In Van Horn, some locals begin to mobilize against planned pipeline

Community members gathered at the Van Horn Convention Center on Thursday evening for an informational meeting on the Saguaro Connector Pipeline, a planned natural gas pipeline that would come within roughly a mile of town. Photo by Allegra Hobbs.

VAN HORN — Dozens of community members gathered Thursday at the Van Horn Convention Center to learn more about a planned natural gas pipeline that would come within roughly a mile of city limits — a development some fear may endanger their community and negatively impact their quality of life.

ONEOK Inc.’s Saguaro Connector Pipeline would span 155 miles from the Waha Hub in Pecos County to the U.S.-Mexico border at Hudspeth County, where it would then transport natural gas under the Rio Grande for international export from Mexico. It would have the capacity to transport 2.834 billion standard cubic feet of natural gas per day.

The proposed pipeline’s intrastate journey before crossing the border takes it through Reeves, Jeff Davis, Culberson and Hudspeth counties. Concerns about environmental impacts and the disruption of archeological sites — namely the Indian Hot Springs site — have already been raised by West Texans. But the pipeline’s proximity to the town of Van Horn in Culberson County was a dominant topic of discussion at last week’s meeting, where some locals were learning details of the project for the first time. Some shouted their objections during the meeting, wondering aloud why they’d been unaware of the project.

The meeting was hosted by activist groups including The Property Rights and Pipeline Center and Earthworks, who expounded on the potential negative impacts of such a project — harmful emissions, and even ruptures and explosions. Lawyers were on hand to explain landowners’ rights to those whose property is in the path of the pipeline — a situation in which the pipeline company is able to assert eminent domain. Yard signs and bumper stickers protesting the pipeline were laid out on a table for attendees to take home.

Van Horn native Cody Davis, Local Emergency Planning Committee chairman for the county, expressed concern about emergency preparedness in the small, fairly remote town. If all goes according to plan and the necessary permits are issued, ONEOK aims to begin construction next year, with plans for the pipeline to be fully operational in 2025. Davis is tasked with writing emergency plans for the county — a lengthy process he fears he will be unable to complete in time for the pipeline’s construction.

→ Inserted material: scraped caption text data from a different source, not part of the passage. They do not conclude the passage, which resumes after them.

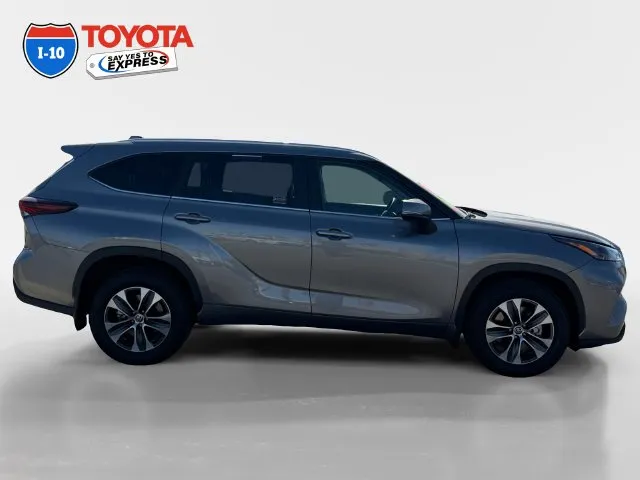 Toyota Highlander photo 6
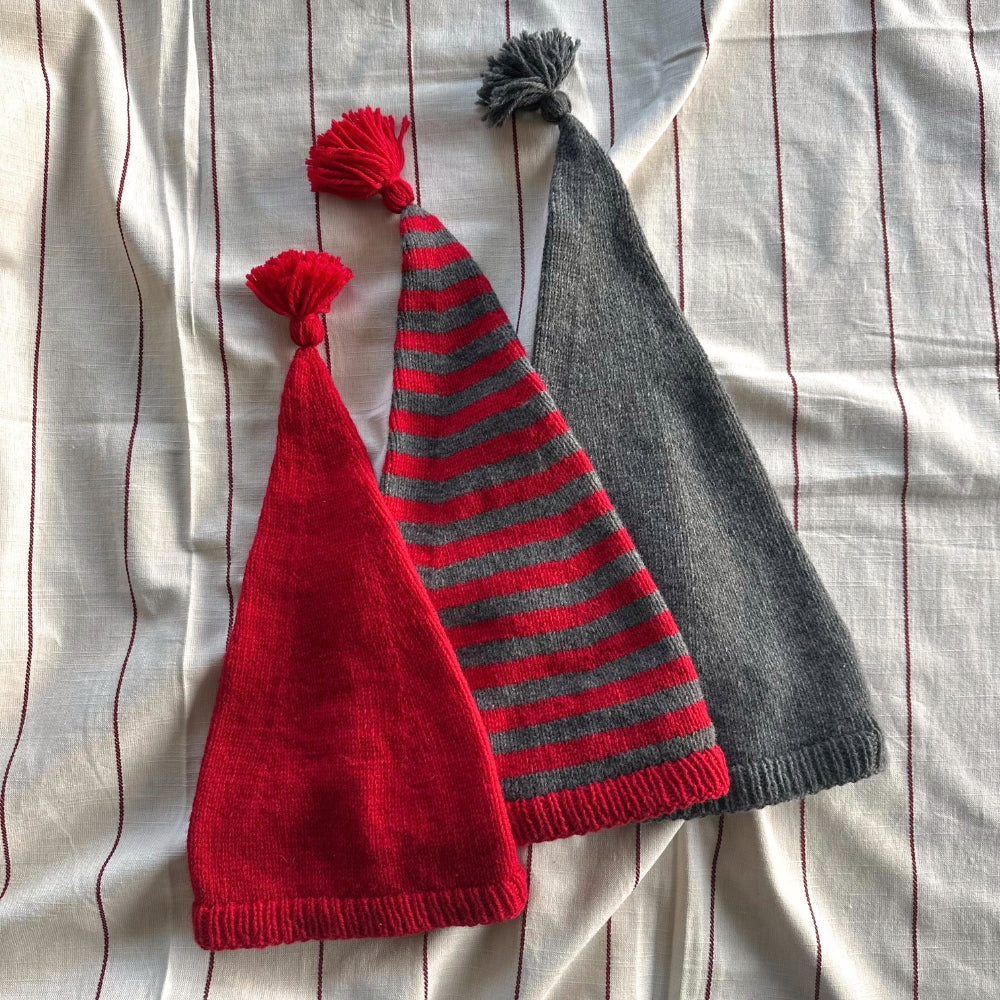Knitting kit for Smuksak Santa hat (Premium Merino)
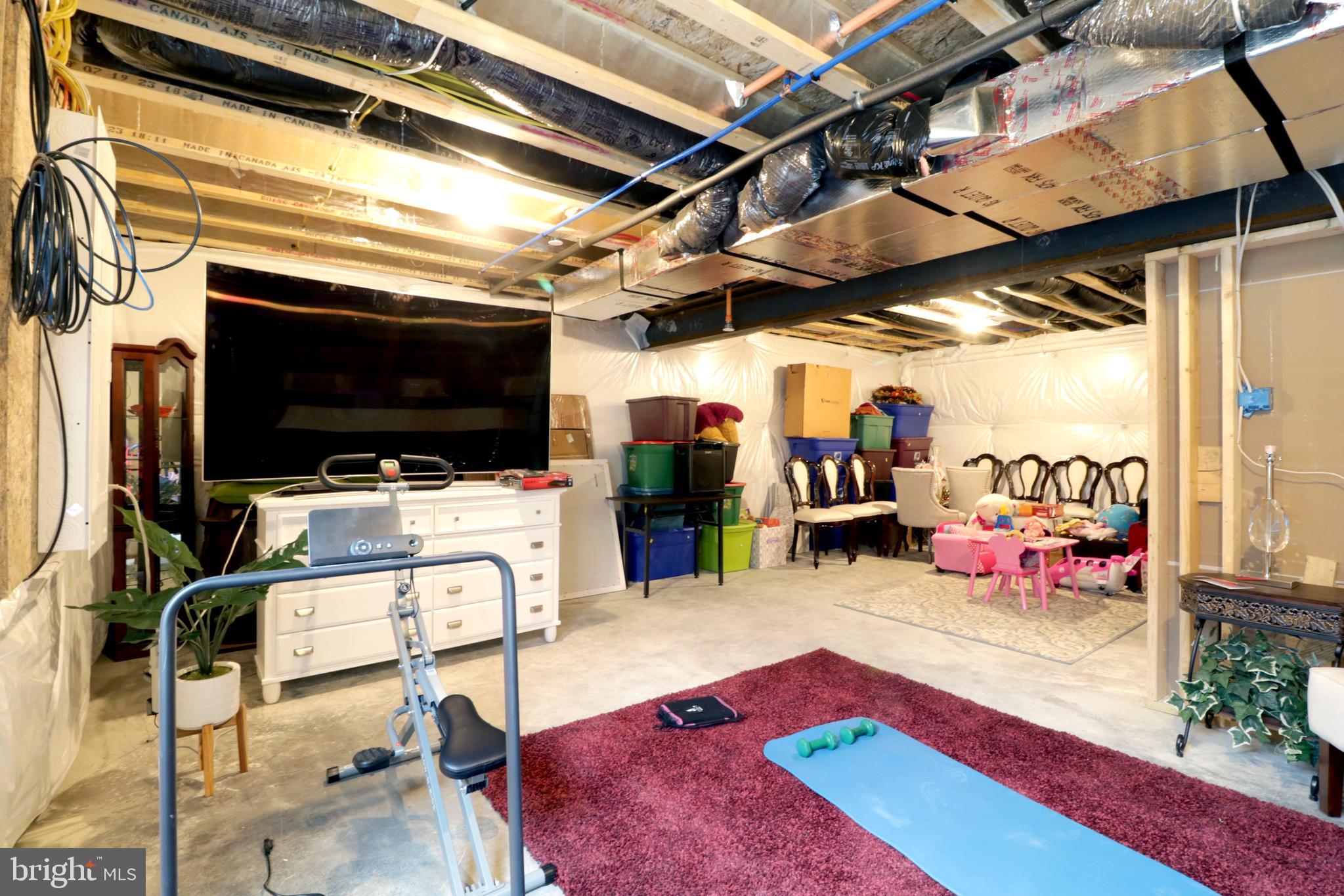 GRAYS POINTE - Residential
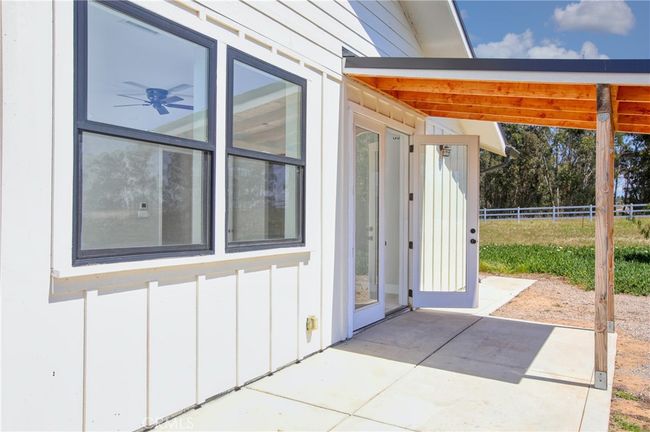 Side patio to Primary Ensuite | Image 12
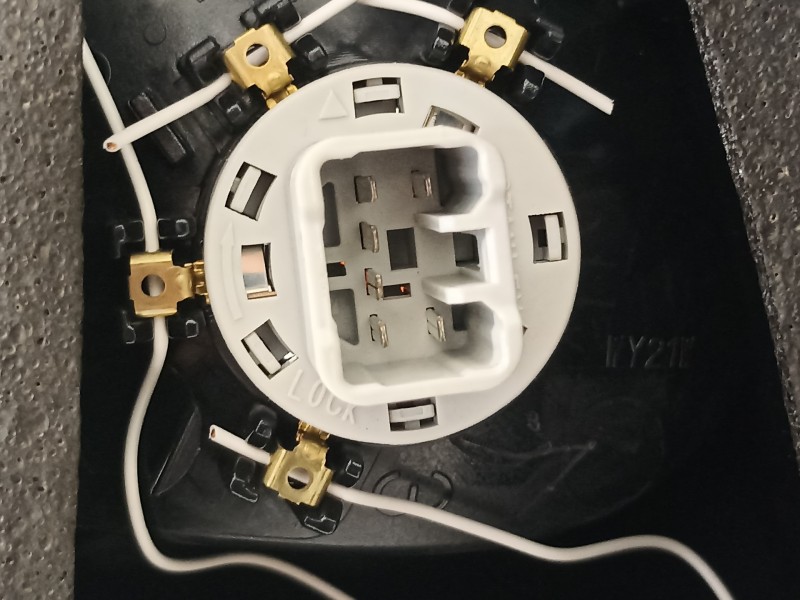 Recambio de piloto trasero izquierdo para toyota land cruiser (j12) 3.0 d-4d gx referencia OEM IAM   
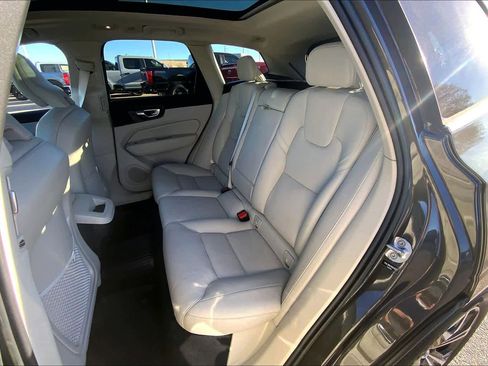 Used 2022 Volvo XC60 B5 Momentum w/ Protection Package Premier image 21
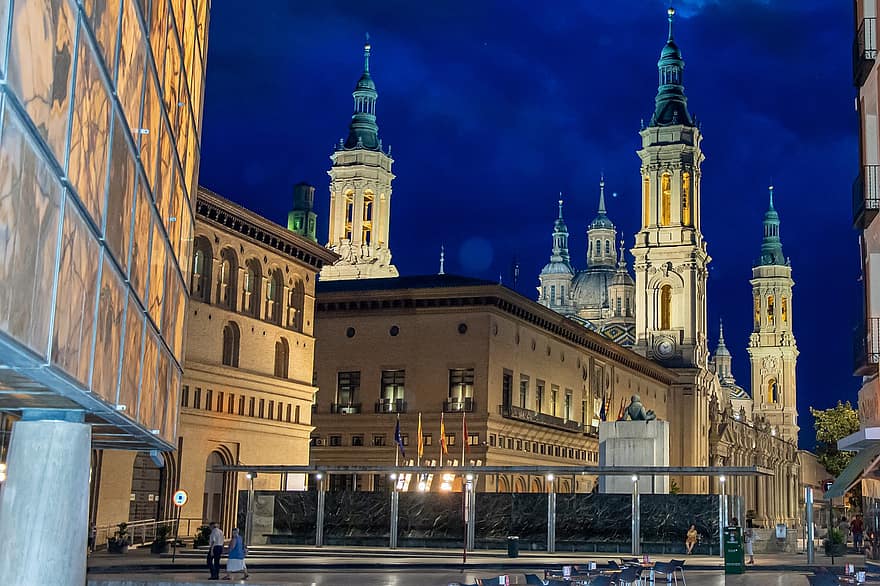 Espanha, Zaragoza, noite, cidade, arquitetura, prédios
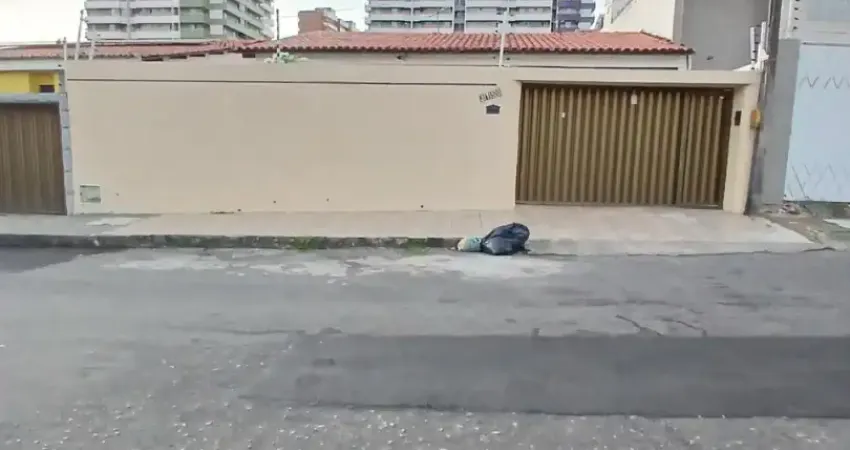 Casa com 3 quartos à venda no Parquelândia, Fortaleza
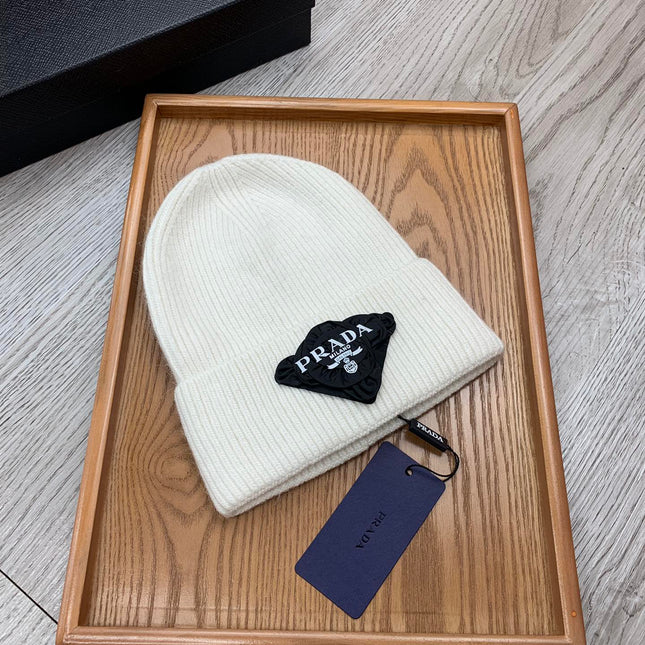 BEANIE HAT IN WHITE WOOL 431356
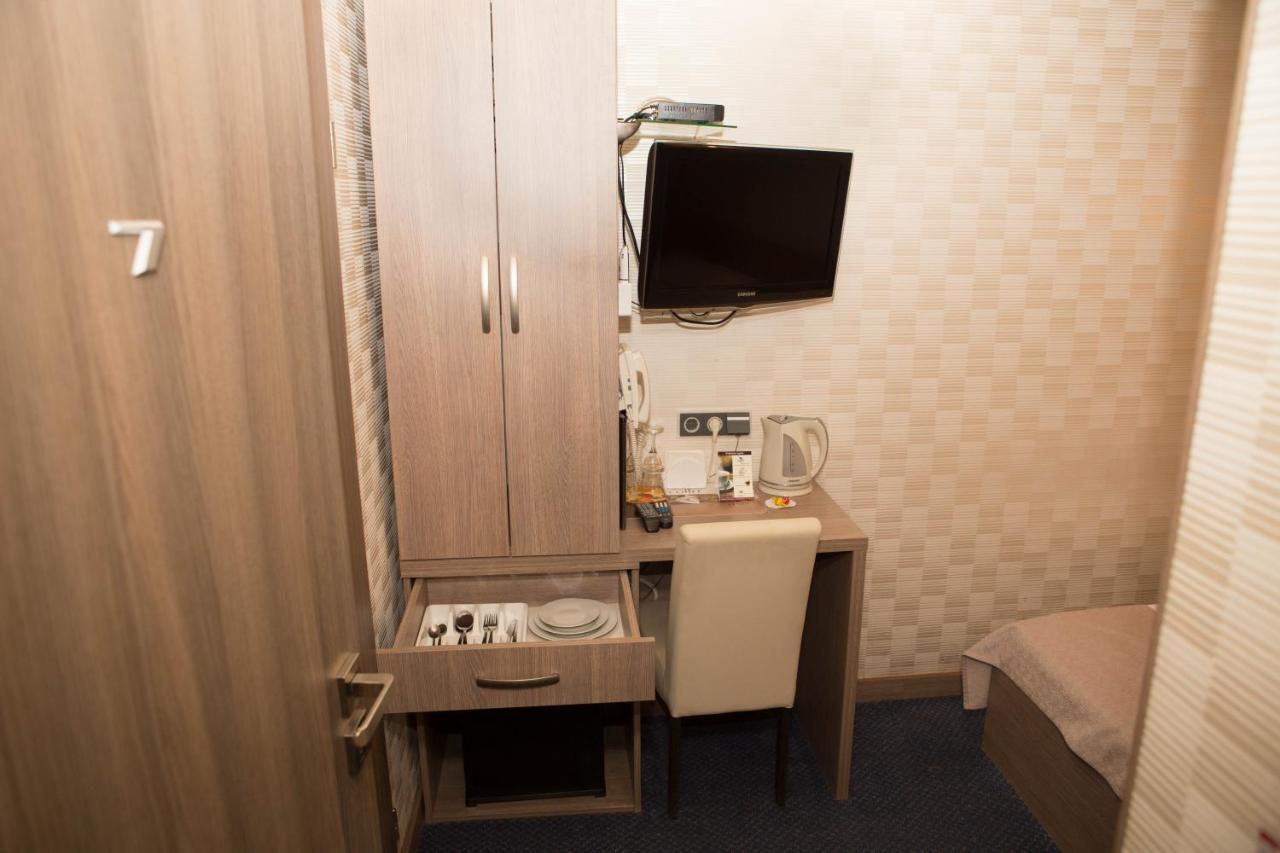 Mini Elegant Hotel Kiev Luaran gambar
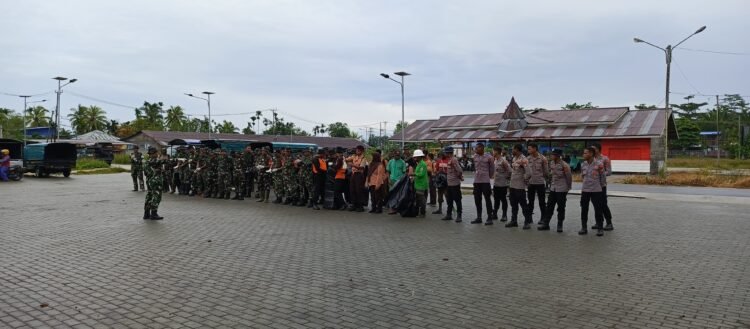 Menjelang 1 Desember, Personel Gabungan Gelar Karya Bhakti di Pasar Sentral Mararena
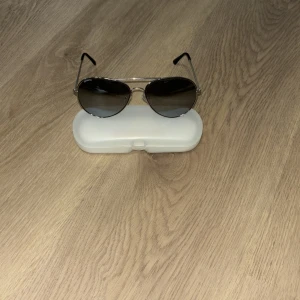 Billiga aviators  - Clean aviators från granite eyewear 🤷‍♂️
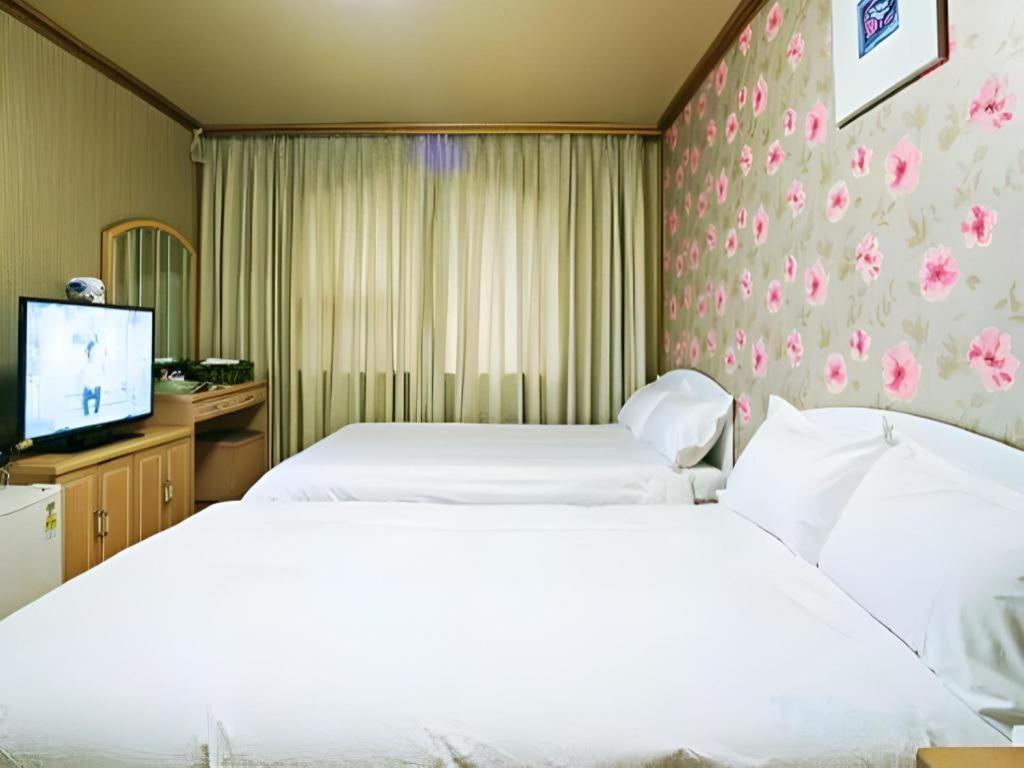 Emerald Hotel เมืองเชจู ภายนอก รูปภาพ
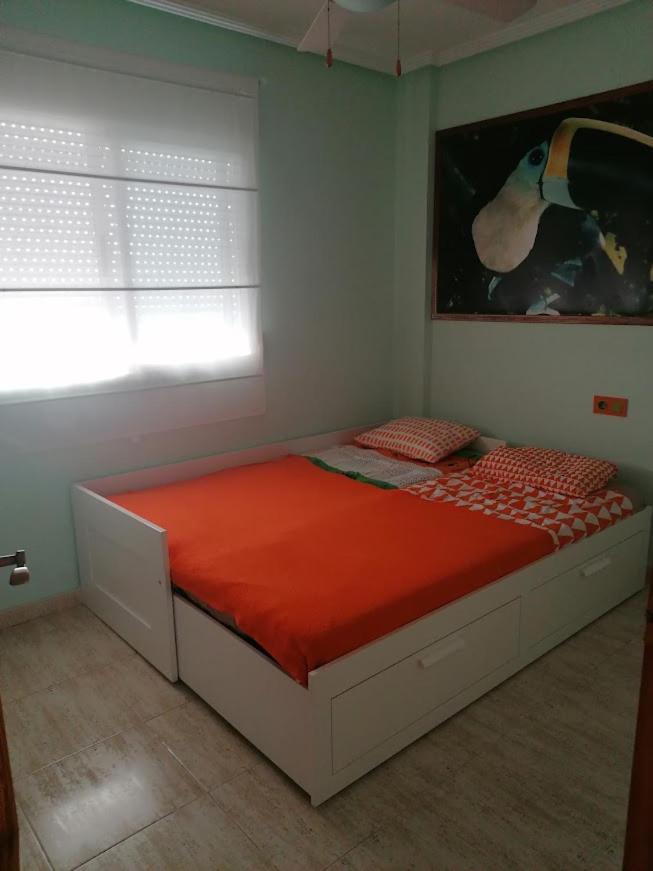 Magnificent 3 Bedroom House Close To The Beach With Community Swimming Pool Santa Pola Exterior foto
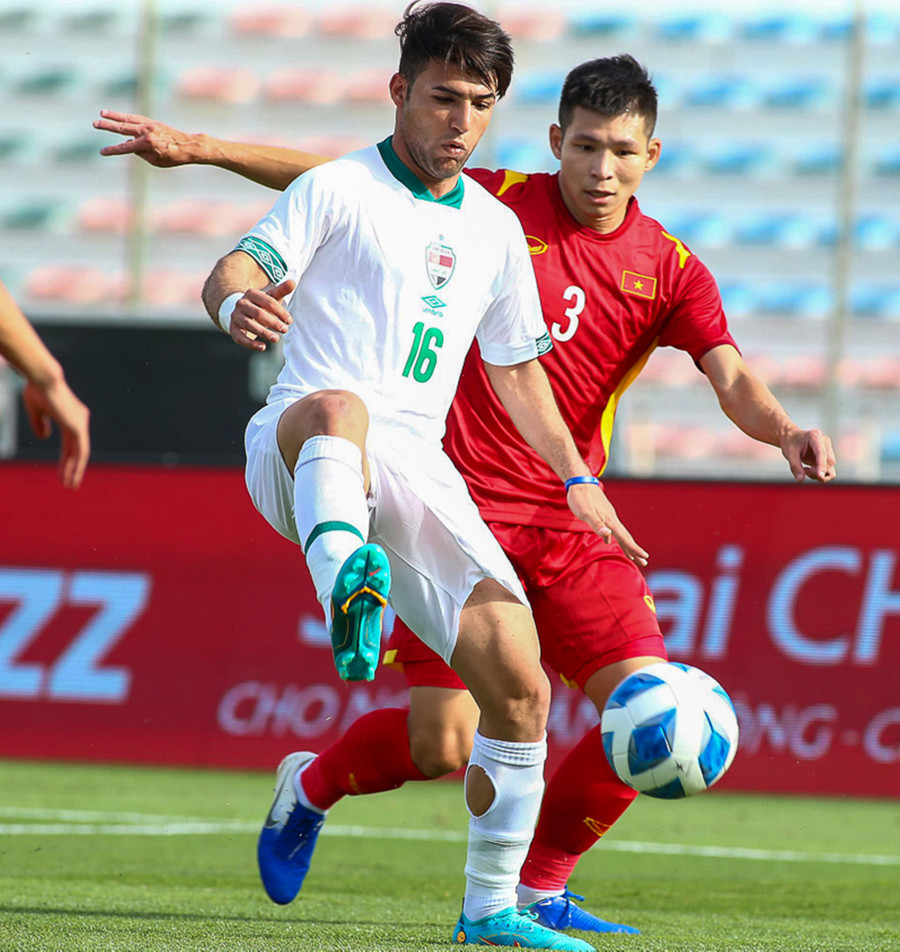 Liễu Quang Vinh (áo đỏ) tại giải quốc tế Dubai. Ảnh: AFP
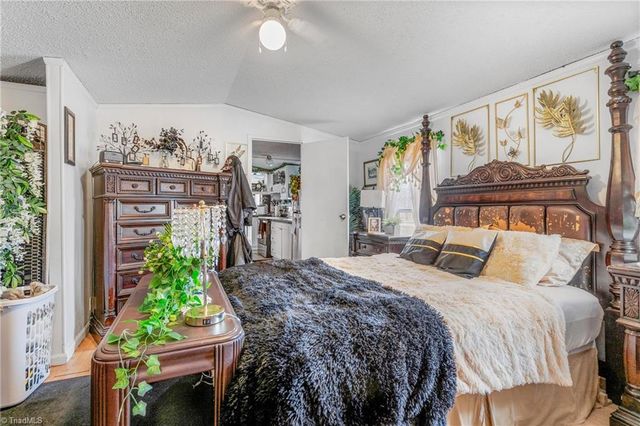 3402 Nc Highway 62, Liberty, NC 27298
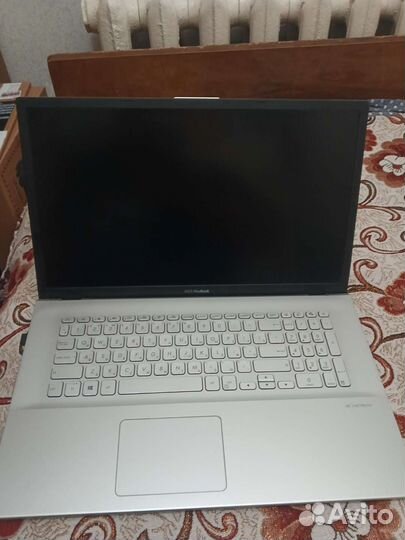 Asus vivobook M712DA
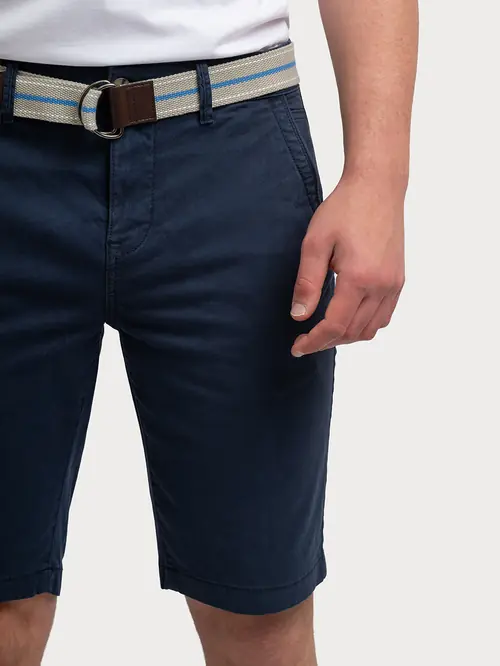 CHINO KRATKE HLAČE S REMENOM 50 NAVY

“I have less than a year to write a plan that’s going to involve peoples’ lives and property,” he said.

“We’ve got a sheriff’s department that’s got six deputies and the sheriff,” he said. “We don’t have the capabilities, we don’t have the resources — we just don’t.”

Davis said he plans to oppose the pipeline’s construction near Van Horn. His cousin, Manuela Carrasco, said she would do everything within her power to oppose the project. She said she feared the adverse health effects of emissions — her husband has asthma, she said, and suffers from kidney disease. 

“I’m worried about the effects of it, the possible effects of it,” she said. “I’m not to the point where I’m going to be panicking, but at the same time, I don’t need to tempt that as a fate. We don’t need to play around.”

A recent report from Inside Climate News and the Texas Tribune revealed that West Texas natural gas operators were releasing tons of excess emissions into the air amid the June heatwave. 

In response to a request for comment regarding community concerns, ONEOK spokesperson Brad Borror stated that the company is “committed to the safe and reliable operation of our pipelines in the communities where we operate.”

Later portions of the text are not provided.